**Problem:**
For each line below, write it out exactly as it appears.

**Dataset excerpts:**
───

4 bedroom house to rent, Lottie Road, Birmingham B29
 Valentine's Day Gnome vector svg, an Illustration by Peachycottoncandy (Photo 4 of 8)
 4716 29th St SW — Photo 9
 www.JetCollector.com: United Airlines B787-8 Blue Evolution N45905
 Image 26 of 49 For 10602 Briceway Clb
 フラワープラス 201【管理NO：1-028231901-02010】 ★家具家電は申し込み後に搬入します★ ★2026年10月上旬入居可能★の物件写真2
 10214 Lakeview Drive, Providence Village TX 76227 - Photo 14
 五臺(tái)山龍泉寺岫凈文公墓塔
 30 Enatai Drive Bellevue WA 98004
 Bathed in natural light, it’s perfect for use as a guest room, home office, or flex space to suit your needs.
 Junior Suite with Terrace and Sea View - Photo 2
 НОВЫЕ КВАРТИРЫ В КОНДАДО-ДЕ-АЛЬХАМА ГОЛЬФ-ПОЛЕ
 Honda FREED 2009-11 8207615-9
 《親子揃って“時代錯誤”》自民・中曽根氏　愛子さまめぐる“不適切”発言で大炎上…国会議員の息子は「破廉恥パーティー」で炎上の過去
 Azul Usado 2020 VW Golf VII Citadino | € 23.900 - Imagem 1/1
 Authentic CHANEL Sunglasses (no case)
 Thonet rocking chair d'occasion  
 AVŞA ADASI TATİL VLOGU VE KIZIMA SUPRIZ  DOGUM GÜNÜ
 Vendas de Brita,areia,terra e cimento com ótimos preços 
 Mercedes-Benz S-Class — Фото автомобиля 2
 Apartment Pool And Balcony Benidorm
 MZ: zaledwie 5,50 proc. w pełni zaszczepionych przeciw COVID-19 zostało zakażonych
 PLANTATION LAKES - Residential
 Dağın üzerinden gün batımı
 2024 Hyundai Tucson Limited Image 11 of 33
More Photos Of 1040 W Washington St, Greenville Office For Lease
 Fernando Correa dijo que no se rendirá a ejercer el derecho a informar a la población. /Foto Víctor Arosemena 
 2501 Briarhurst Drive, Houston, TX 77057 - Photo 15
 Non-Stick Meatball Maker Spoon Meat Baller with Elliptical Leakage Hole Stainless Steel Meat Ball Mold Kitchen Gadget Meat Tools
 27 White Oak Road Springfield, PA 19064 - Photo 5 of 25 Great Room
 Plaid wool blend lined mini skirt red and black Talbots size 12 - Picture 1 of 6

───

**Output below:**
4 bedroom house to rent, Lottie Road, Birmingham B29
 Valentine's Day Gnome vector svg, an Illustration by Peachycottoncandy (Photo 4 of 8)
 4716 29th St SW — Photo 9
 www.JetCollector.com: United Airlines B787-8 Blue Evolution N45905
 Image 26 of 49 For 10602 Briceway Clb
 フラワープラス 201【管理NO：1-028231901-02010】 ★家具家電は申し込み後に搬入します★ ★2026年10月上旬入居可能★の物件写真2
 10214 Lakeview Drive, Providence Village TX 76227 - Photo 14
 五臺(tái)山龍泉寺岫凈文公墓塔
 30 Enatai Drive Bellevue WA 98004
 Bathed in natural light, it’s perfect for use as a guest room, home office, or flex space to suit your needs.
 Junior Suite with Terrace and Sea View - Photo 2
 НОВЫЕ КВАРТИРЫ В КОНДАДО-ДЕ-АЛЬХАМА ГОЛЬФ-ПОЛЕ
 Honda FREED 2009-11 8207615-9
 《親子揃って“時代錯誤”》自民・中曽根氏　愛子さまめぐる“不適切”発言で大炎上…国会議員の息子は「破廉恥パーティー」で炎上の過去
 Azul Usado 2020 VW Golf VII Citadino | € 23.900 - Imagem 1/1
 Authentic CHANEL Sunglasses (no case)
 Thonet rocking chair d'occasion  
 AVŞA ADASI TATİL VLOGU VE KIZIMA SUPRIZ  DOGUM GÜNÜ
 Vendas de Brita,areia,terra e cimento com ótimos preços 
 Mercedes-Benz S-Class — Фото автомобиля 2
 Apartment Pool And Balcony Benidorm
 MZ: zaledwie 5,50 proc. w pełni zaszczepionych przeciw COVID-19 zostało zakażonych
 PLANTATION LAKES - Residential
 Dağın üzerinden gün batımı
 2024 Hyundai Tucson Limited Image 11 of 33
More Photos Of 1040 W Washington St, Greenville Office For Lease
 Fernando Correa dijo que no se rendirá a ejercer el derecho a informar a la población. /Foto Víctor Arosemena 
 2501 Briarhurst Drive, Houston, TX 77057 - Photo 15
 Non-Stick Meatball Maker Spoon Meat Baller with Elliptical Leakage Hole Stainless Steel Meat Ball Mold Kitchen Gadget Meat Tools
 27 White Oak Road Springfield, PA 19064 - Photo 5 of 25 Great Room
 Plaid wool blend lined mini skirt red and black Talbots size 12 - Picture 1 of 6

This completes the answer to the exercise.